With the new code (sv6.py) , we get the following output:

len(X_test) = 229 len(Y_test) = 229
linear_model.SGDClassifier()...
svc.predict()...
Y_predict:
[ 0.  0.  0.  0.  0.  0.  0.  0.  0.  0.  0.  0.  0.  0.  1.  0.  0.  1.
  0.  0.  0.  0.  0.  0.  0.  0.  0.  0.  0.  1.  0.  0.  0.  0.  0.  0.
  0.  0.  0.  0.  0.  1.  0.  0.  0.  0.  0.  0.  0.  0.  0.  0.  1.  0.
  0.  0.  0.  0.  1.  0.  0.  0.  1.  1.  0.  0.  0.  0.  0.  0.  1.  0.
  0.  0.  0.  0.  0.  0.  1.  0.  0.  0.  0.  0.  1.  0.  0.  0.  0.  0.
  0.  0.  0.  1.  0.  0.  0.  0.  0.  1.  1.  0.  0.  0.  0.  0.  0.  0.
  1.  0.  0.  1.  0.  0.  0.  0.  1.  0.  0.  0.  0.  0.  0.  0.  1.  0.
  0.  0.  0.  0.  0.  0.  0.  1.  0.  0.  0.  0.  0.  0.  0.  0.  0.  0.
  0.  0.  1.  0.  0.  1.  0.  0.  0.  0.  0.  0.  0.  1.  0.  0.  0.  1.
  0.  0.  1.  0.  0.  0.  0.  0.  0.  0.  0.  0.  0.  0.  0.  0.  0.  1.
  0.  0.  0.  0.  0.  1.  1.  0.  0.  1.  0.  0.  0.  1.  1.  0.  1.  1.
  0.  0.  0.  0.  0.  0.  0.  0.  0.  0.  0.  0.  0.  0.  0.  0.  0.  0.
  0.  0.  0.  0.  0.  0.  0.  0.  1.  0.  0.  0.  0.]
Y_test:   
[ 1.  1.  1.  0.  1.  1.  1.  1.  1.  1.  1.  1.  1.  1.  1.  1.  1.  1.
  1.  1.  0.  1.  1.  1.  1.  1.  1.  0.  1.  1.  1.  0.  1.  0.  1.  1.
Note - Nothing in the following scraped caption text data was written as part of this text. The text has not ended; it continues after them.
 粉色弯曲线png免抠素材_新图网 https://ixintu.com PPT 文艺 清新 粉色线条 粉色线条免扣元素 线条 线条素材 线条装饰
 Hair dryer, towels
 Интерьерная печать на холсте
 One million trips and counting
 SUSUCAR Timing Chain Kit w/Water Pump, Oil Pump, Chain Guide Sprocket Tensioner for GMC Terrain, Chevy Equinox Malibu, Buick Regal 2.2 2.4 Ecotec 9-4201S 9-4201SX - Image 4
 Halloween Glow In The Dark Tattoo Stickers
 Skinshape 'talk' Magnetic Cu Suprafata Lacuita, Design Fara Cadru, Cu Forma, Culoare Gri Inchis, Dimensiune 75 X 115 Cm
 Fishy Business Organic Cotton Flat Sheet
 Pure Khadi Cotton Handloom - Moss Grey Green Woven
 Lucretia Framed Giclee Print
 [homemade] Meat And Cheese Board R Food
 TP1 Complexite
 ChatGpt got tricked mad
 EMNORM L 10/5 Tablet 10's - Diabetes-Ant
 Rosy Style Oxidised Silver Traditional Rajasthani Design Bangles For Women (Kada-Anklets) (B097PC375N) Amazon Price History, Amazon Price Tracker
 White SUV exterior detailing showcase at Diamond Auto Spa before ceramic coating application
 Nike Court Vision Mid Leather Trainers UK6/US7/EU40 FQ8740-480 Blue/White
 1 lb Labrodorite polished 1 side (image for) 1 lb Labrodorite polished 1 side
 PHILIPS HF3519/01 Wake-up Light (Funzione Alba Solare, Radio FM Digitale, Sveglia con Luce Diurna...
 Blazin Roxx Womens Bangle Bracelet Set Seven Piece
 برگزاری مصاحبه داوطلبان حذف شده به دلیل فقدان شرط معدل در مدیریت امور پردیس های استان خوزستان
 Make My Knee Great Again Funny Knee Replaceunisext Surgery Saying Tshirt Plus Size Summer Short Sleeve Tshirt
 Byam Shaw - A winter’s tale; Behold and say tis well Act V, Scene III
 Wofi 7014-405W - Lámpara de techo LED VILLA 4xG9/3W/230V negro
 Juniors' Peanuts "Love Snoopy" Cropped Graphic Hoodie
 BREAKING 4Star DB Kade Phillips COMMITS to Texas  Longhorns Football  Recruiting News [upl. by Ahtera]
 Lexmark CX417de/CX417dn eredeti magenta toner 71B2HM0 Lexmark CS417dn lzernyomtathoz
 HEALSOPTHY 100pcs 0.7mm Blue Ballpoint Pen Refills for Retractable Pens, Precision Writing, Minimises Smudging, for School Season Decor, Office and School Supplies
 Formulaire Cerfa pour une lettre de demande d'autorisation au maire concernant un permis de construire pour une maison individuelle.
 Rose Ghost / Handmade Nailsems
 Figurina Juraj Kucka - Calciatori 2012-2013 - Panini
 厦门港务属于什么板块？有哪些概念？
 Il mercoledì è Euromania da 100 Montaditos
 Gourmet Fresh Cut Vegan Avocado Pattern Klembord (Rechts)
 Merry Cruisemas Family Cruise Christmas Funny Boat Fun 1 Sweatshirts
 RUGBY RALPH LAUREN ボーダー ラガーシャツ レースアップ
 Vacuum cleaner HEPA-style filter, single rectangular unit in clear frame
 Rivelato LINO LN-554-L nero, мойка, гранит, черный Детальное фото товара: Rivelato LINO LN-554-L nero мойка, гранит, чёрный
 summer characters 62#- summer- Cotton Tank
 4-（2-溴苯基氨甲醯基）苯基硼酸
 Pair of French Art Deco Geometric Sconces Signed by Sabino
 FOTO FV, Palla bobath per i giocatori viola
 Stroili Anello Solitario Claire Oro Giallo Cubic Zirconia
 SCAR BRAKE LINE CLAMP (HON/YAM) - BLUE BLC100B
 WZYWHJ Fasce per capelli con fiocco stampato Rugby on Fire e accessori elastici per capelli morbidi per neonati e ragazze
  1.  1.  1.  1.  1.  1.  1.  1.  0.  1.  1.  0.  0.  1.  1.  1.  1.  1.
  1.  1.  0.  1.  1.  1.  1.  1.  1.  1.  1.  0.  1.  1.  1.  1.  1.  0.
  1.  0.  1.  1.  1.  1.  1.  0.  1.  1.  1.  1.  1.  1.  1.  1.  1.  1.
  1.  1.  1.  1.  1.  1.  1.  1.  1.  1.  1.  1.  1.  1.  1.  1.  0.  1.
  1.  1.  1.  1.  1.  1.  1.  0.  1.  0.  0.  1.  1.  0.  1.  1.  1.  1.
  1.  1.  1.  1.  0.  1.  0.  1.  1.  1.  1.  1.  1.  1.  1.  1.  0.  1.
  1.  0.  1.  1.  1.  1.  1.  1.  0.  1.  1.  0.  1.  1.  1.  1.  1.  1.
  1.  0.  1.  1.  0.  0.  1.  1.  0.  1.  1.  1.  1.  1.  1.  1.  1.  1.
  1.  0.  1.  1.  1.  1.  1.  1.  1.  1.  1.  1.  1.  1.  1.  1.  1.  1.
  1.  1.  1.  1.  1.  1.  1.  1.  1.  1.  1.  1.  0.  1.  0.  0.  1.  1.
  1.  1.  0.  1.  1.  0.  1.  1.  1.  1.  1.  1.  1.]
Got 67 out of 229
f1 macro = 0.29
f1 micro = 0.29
f1 weighted = 0.29

Note that the Y_predict arrays has mixed values of 1s and 0s now!